---------- DATA FOR THIS EXERCISE

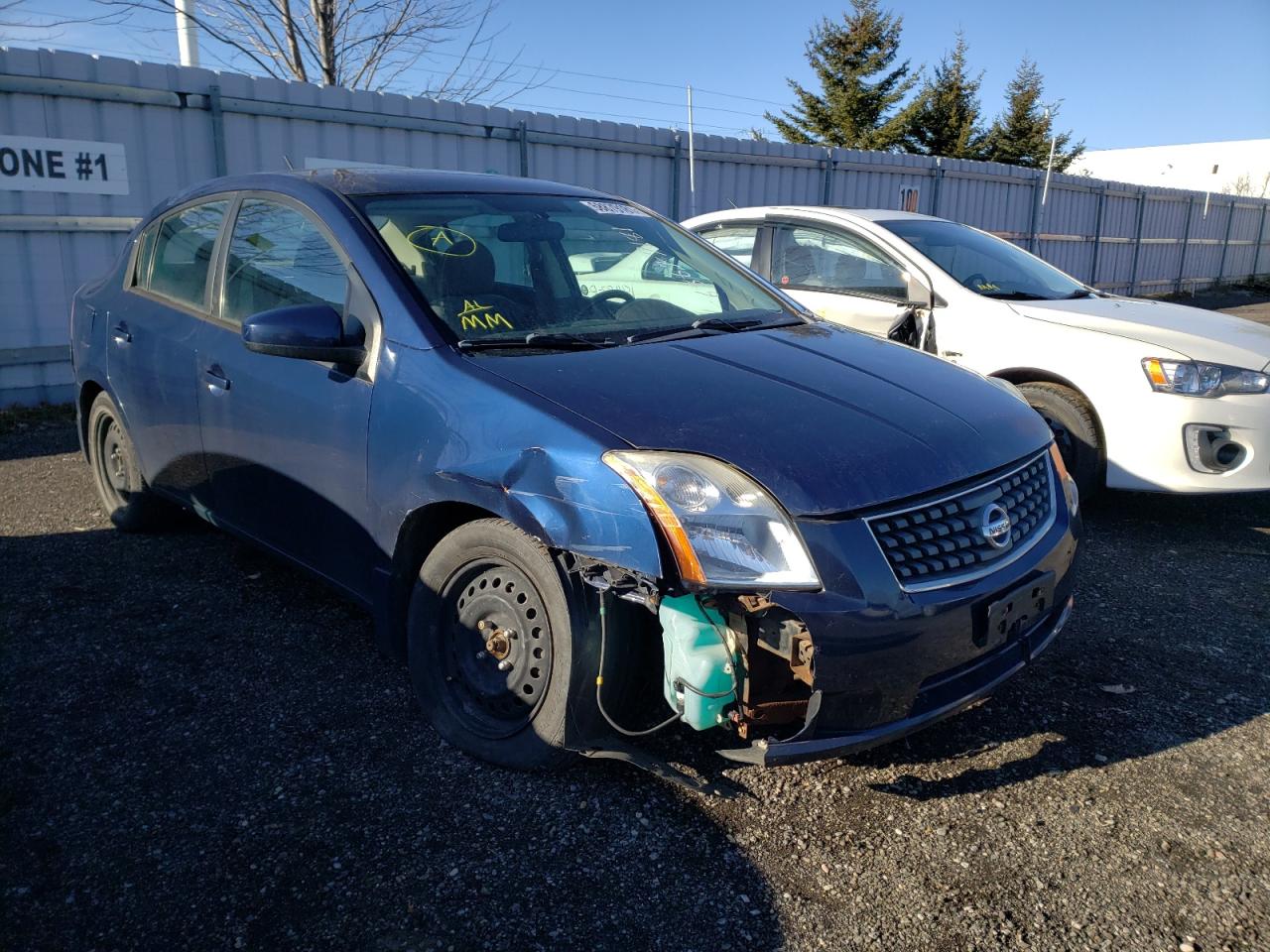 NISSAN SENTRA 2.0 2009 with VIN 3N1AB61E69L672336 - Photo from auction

--------------------
---------- DATA FOR THIS EXERCISE

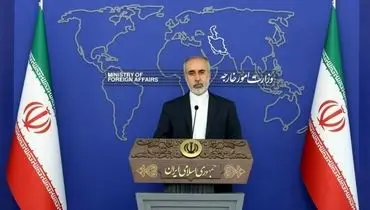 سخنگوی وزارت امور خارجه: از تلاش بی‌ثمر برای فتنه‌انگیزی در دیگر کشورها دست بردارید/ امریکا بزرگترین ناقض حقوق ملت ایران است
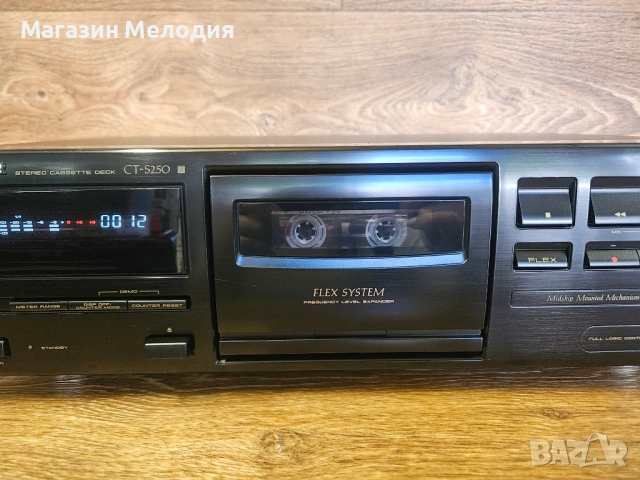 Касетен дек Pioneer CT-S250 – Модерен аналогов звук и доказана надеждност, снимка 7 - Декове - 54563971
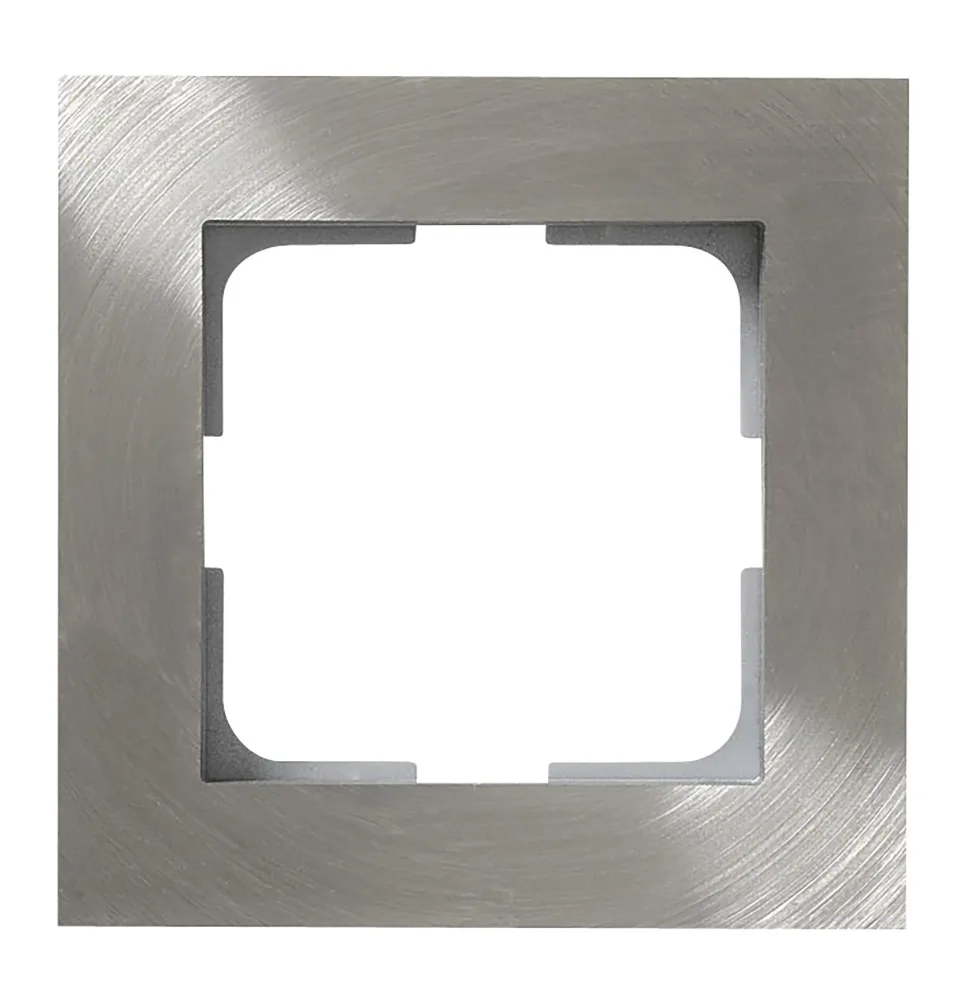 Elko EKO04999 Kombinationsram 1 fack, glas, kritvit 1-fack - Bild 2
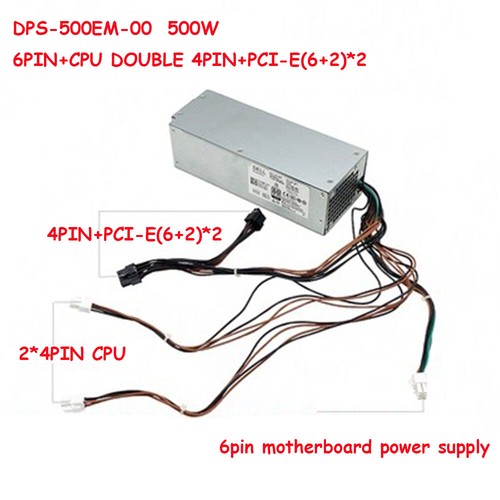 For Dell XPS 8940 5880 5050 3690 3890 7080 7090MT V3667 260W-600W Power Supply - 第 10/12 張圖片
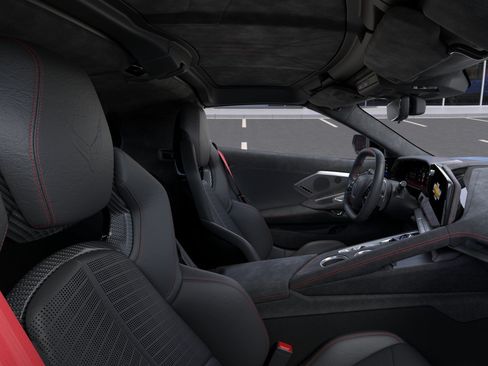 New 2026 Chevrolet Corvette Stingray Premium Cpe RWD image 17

--------------------
---------- DATA FOR THIS EXERCISE

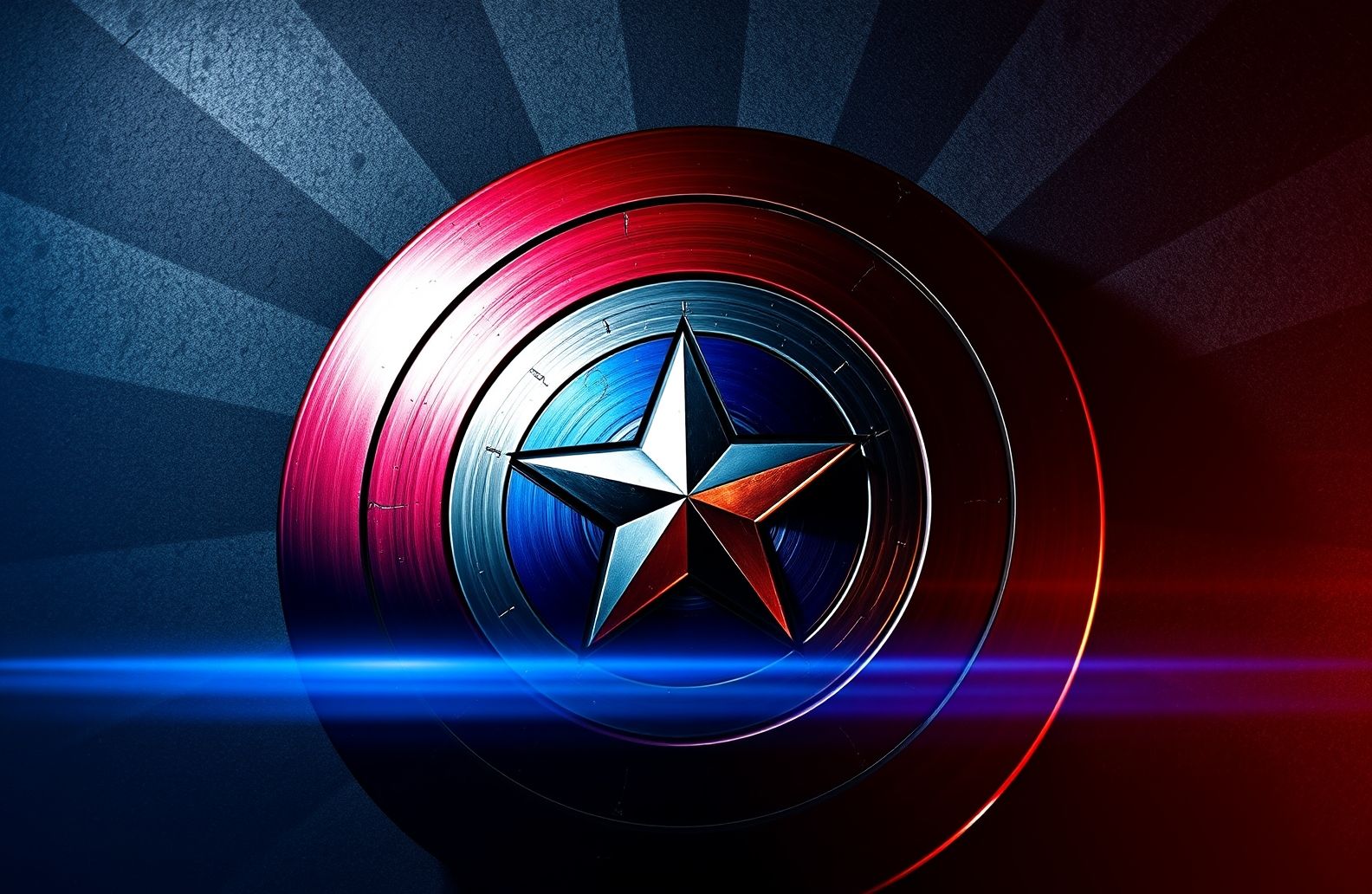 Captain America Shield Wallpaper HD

--------------------

#### [EXERCISE]
From the listing above, restate verbatim the lines running from the one with "سخنگوی وزارت امور" through the one with "New 2026 Chevrolet", inclusive, but not the pictures.

#### [YOUR RESPONSE]
 سخنگوی وزارت امور خارجه: از تلاش بی‌ثمر برای فتنه‌انگیزی در دیگر کشورها دست بردارید/ امریکا بزرگترین ناقض حقوق ملت ایران است
 Касетен дек Pioneer CT-S250 – Модерен аналогов звук и доказана надеждност, снимка 7 - Декове - 54563971
 Elko EKO04999 Kombinationsram 1 fack, glas, kritvit 1-fack - Bild 2
 For Dell XPS 8940 5880 5050 3690 3890 7080 7090MT V3667 260W-600W Power Supply - 第 10/12 張圖片
 New 2026 Chevrolet Corvette Stingray Premium Cpe RWD image 17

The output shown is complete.